[Records for the task — start]
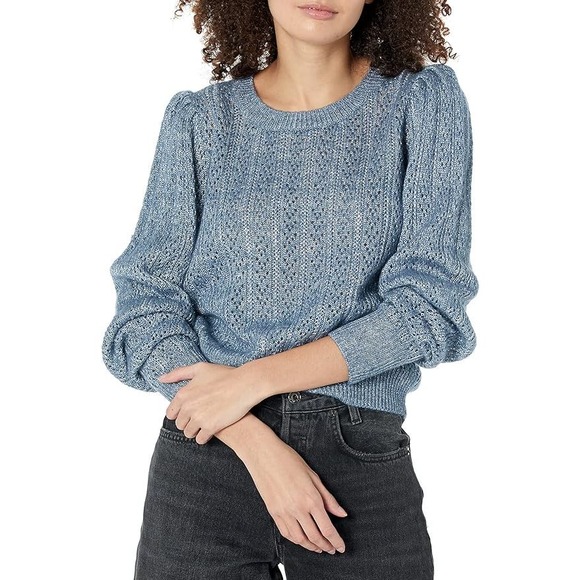 PAIGE Women's Athena Sweater - Moondust Blue Crew Neck Cropped Puff Sleeve Sweater With Silver Thread - View #10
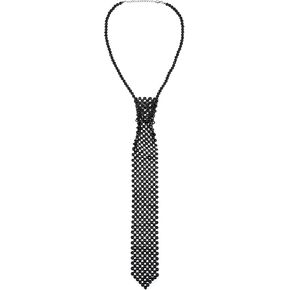 Artificial Pearls Neck Tie Pearl Necktie for Women Long Pearl Necklace Handmade Weaving Shirt Necklace for Women Beaded Tie Necklaces Party Jewelry Accessories in Kuwait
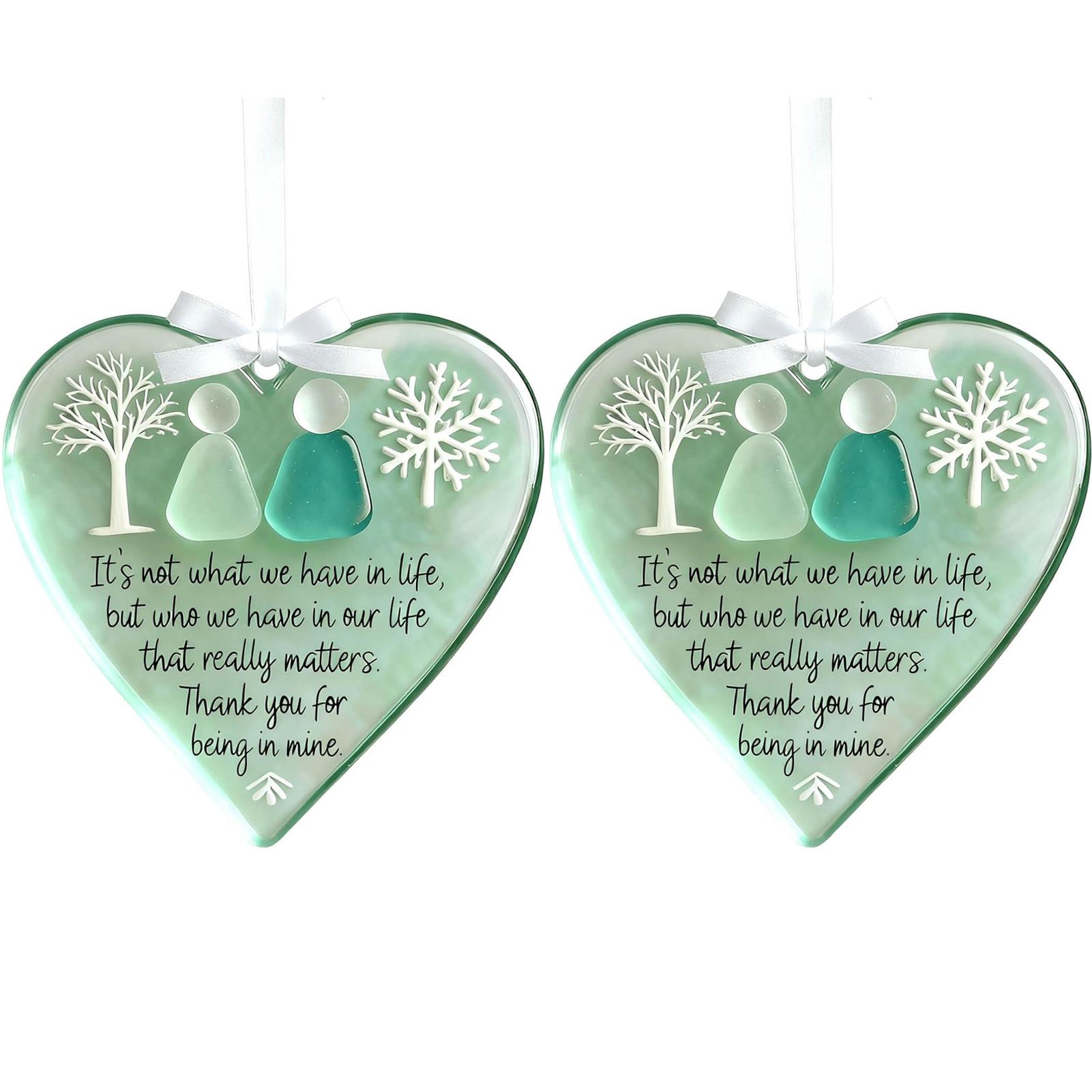 

2025 Sea Glass Snowflake Friendship Ornament Acrylic Xmas Tree Hanging Friendship Pendant for Hallway Festival Home Colleague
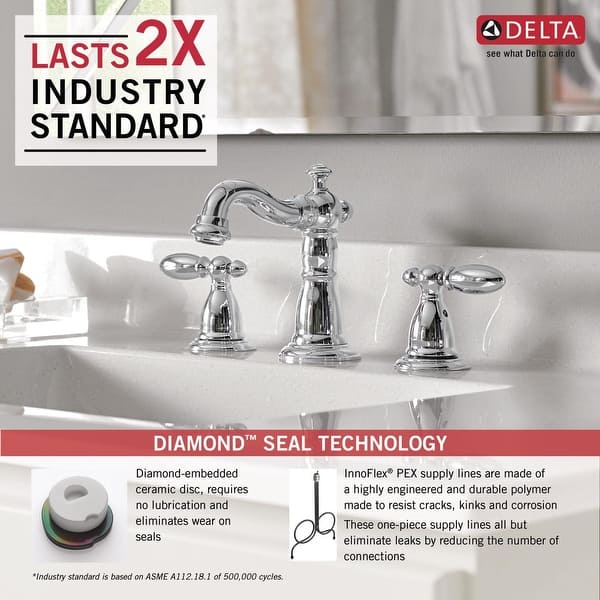 Shop Delta 3555 Mpu Dst Victorian Widespread Bathroom Faucet With Pop Up Overstock 17265763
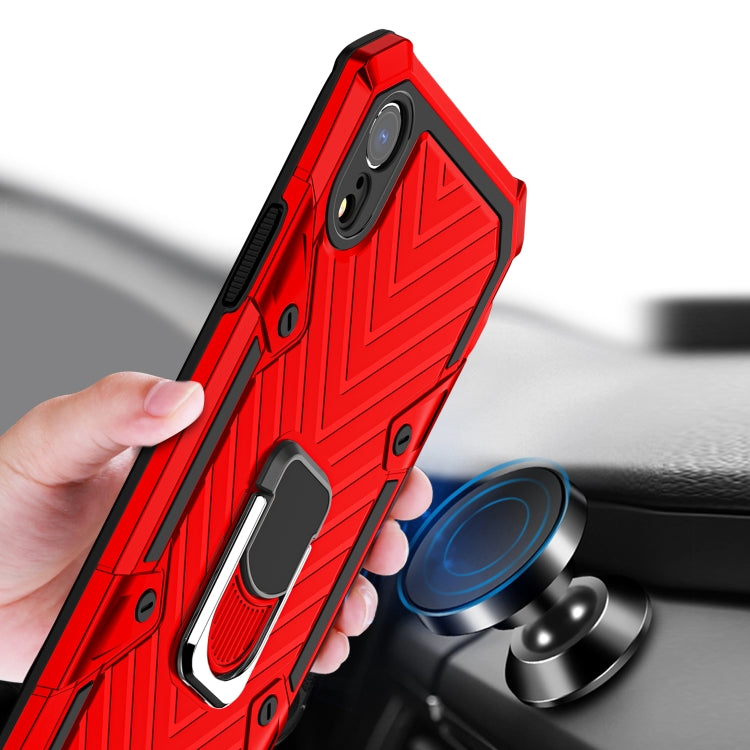For iPhone XR Cool Armor PC+TPU Shockproof Case with 360 Degree Rotation Ring Holder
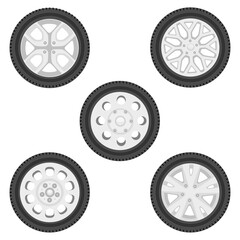Car wheels vector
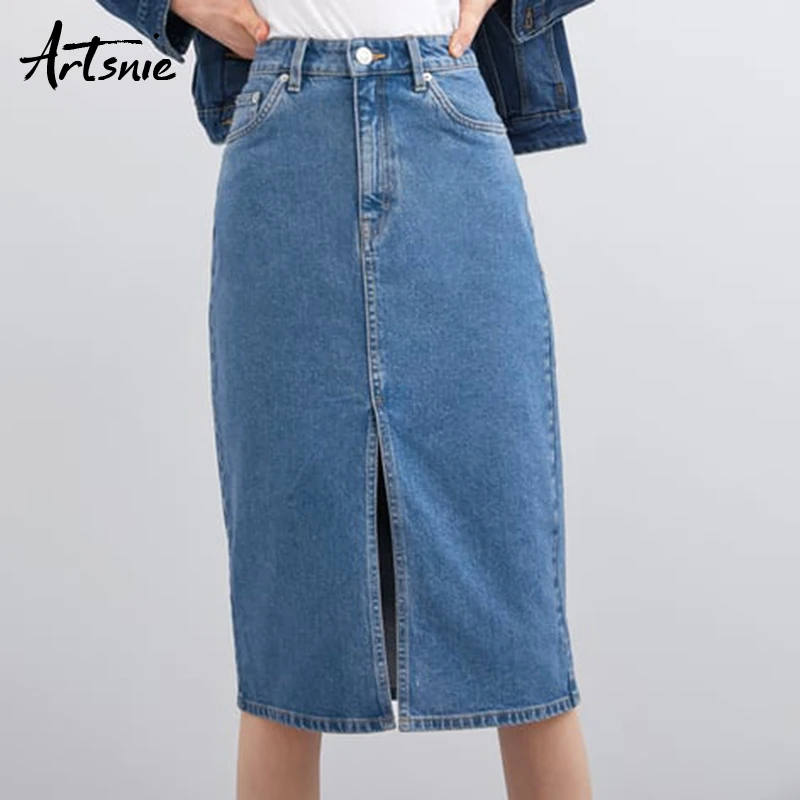 Artsnie/женская синяя джинсовая юбка с высокой талией; Летняя коллекция года; уличная одежда; повседневные джинсовые юбки до колена с разрезом для девочек; mujer jupe femme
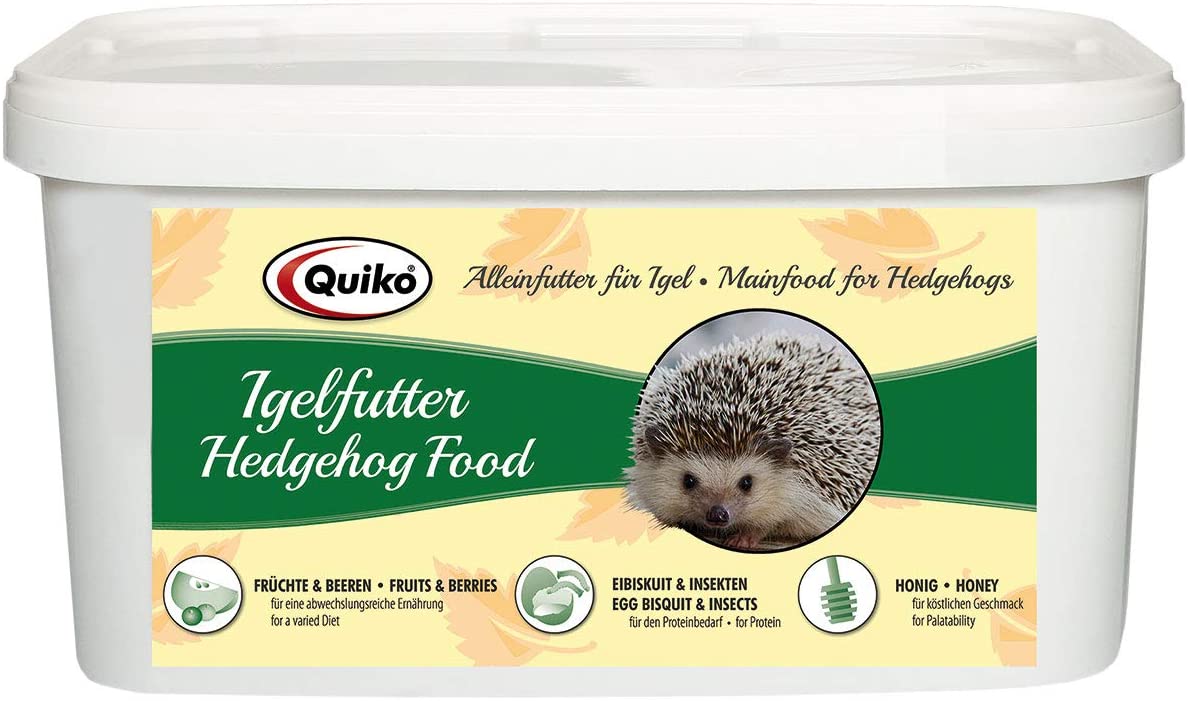 Quiko Hedgehog Food 3 kg Complete Food with Insects, Egg Biscuits, Honey, Fruits & Berries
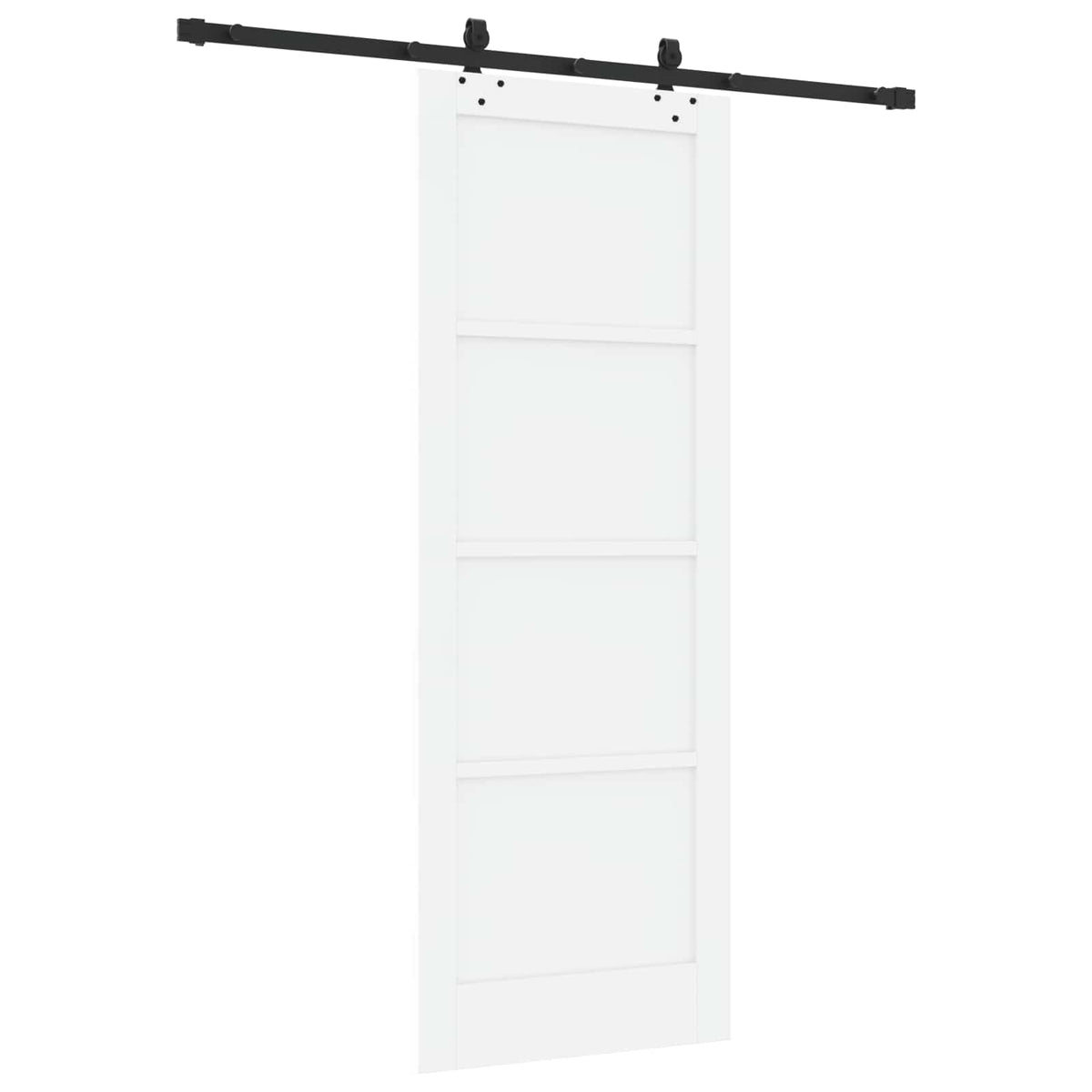 Slankios durys 78 x 211 cm Apdirbta mediena Balta ir juoda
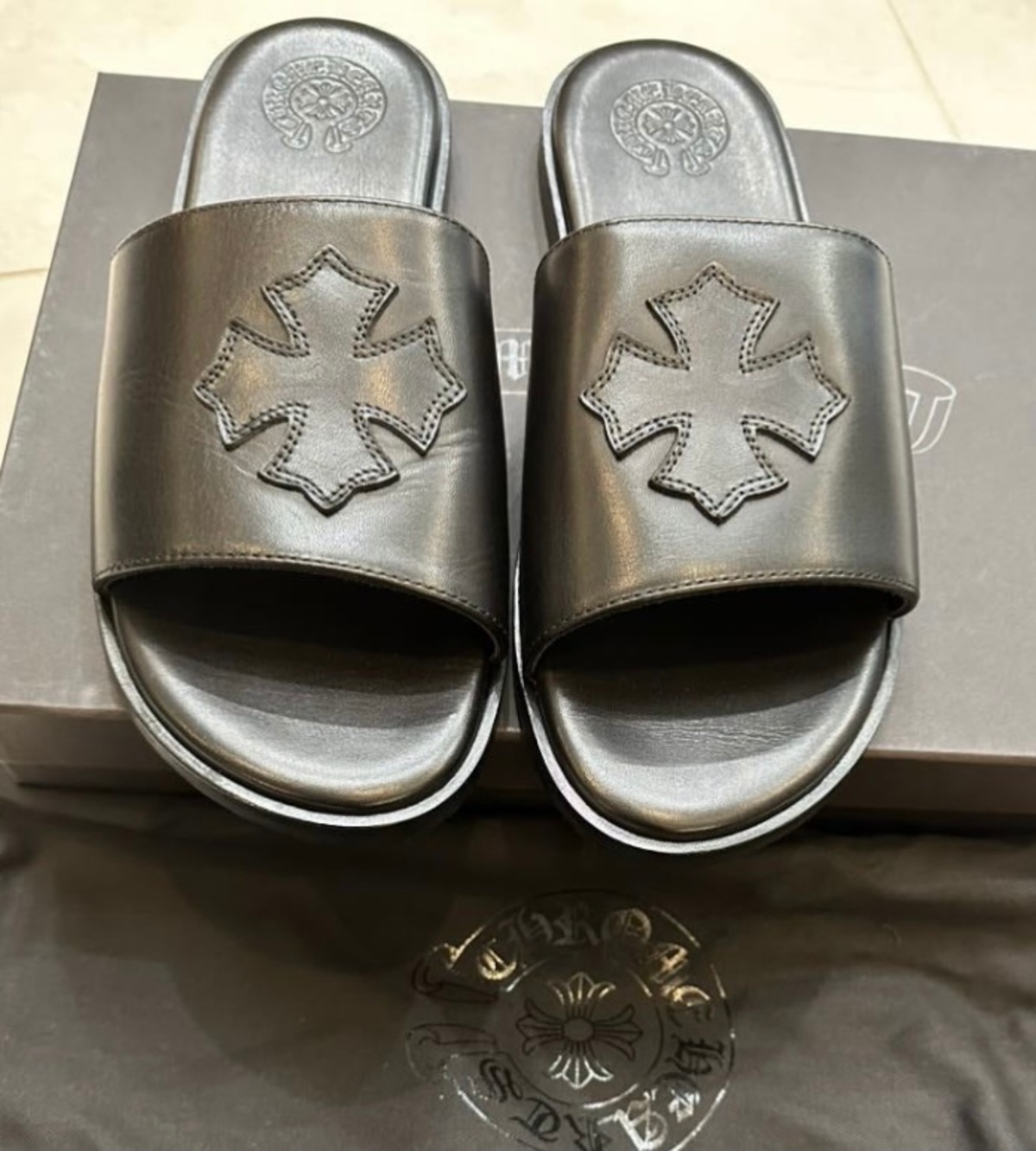 CHROME HEARTS クロムハーツ CH SLIDE LEATHER SANDALS CHプラス  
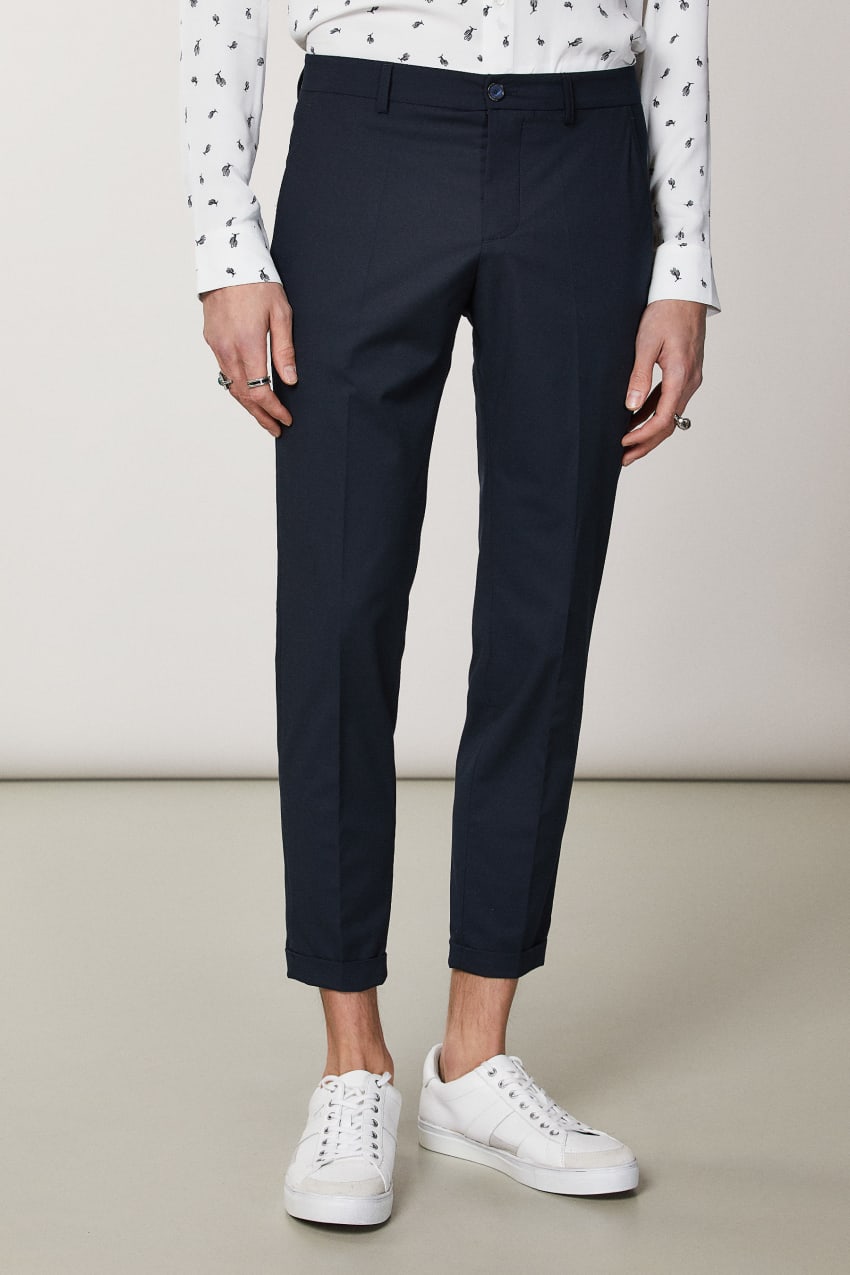 Patrizia Pepe Polyviscose Ankle-grazer Pants Azuis | 6174-UNQWV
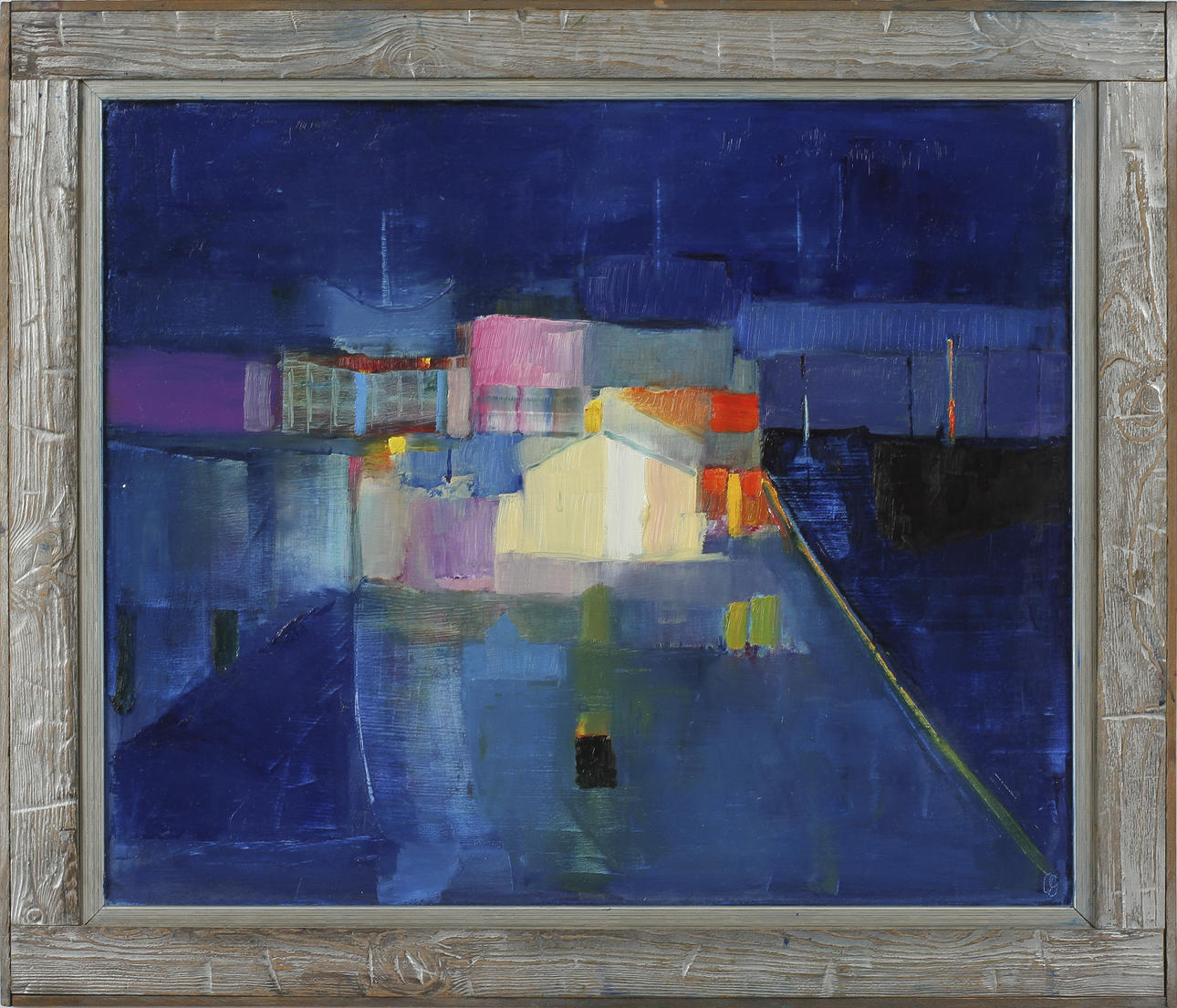 OLLE GUSTAFSSON. "Blå Hamn" olja på pannå, signerad a tergo.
[Records for the task — finish]
* What you have to do *
An exact copy of the lines above, from the first through the line that holds "For iPhone XR", is what is needed; leave the pictures out.

* Exercise solution *
 PAIGE Women's Athena Sweater - Moondust Blue Crew Neck Cropped Puff Sleeve Sweater With Silver Thread - View #10
 Artificial Pearls Neck Tie Pearl Necktie for Women Long Pearl Necklace Handmade Weaving Shirt Necklace for Women Beaded Tie Necklaces Party Jewelry Accessories in Kuwait

2025 Sea Glass Snowflake Friendship Ornament Acrylic Xmas Tree Hanging Friendship Pendant for Hallway Festival Home Colleague
 Shop Delta 3555 Mpu Dst Victorian Widespread Bathroom Faucet With Pop Up Overstock 17265763
For iPhone XR Cool Armor PC+TPU Shockproof Case with 360 Degree Rotation Ring Holder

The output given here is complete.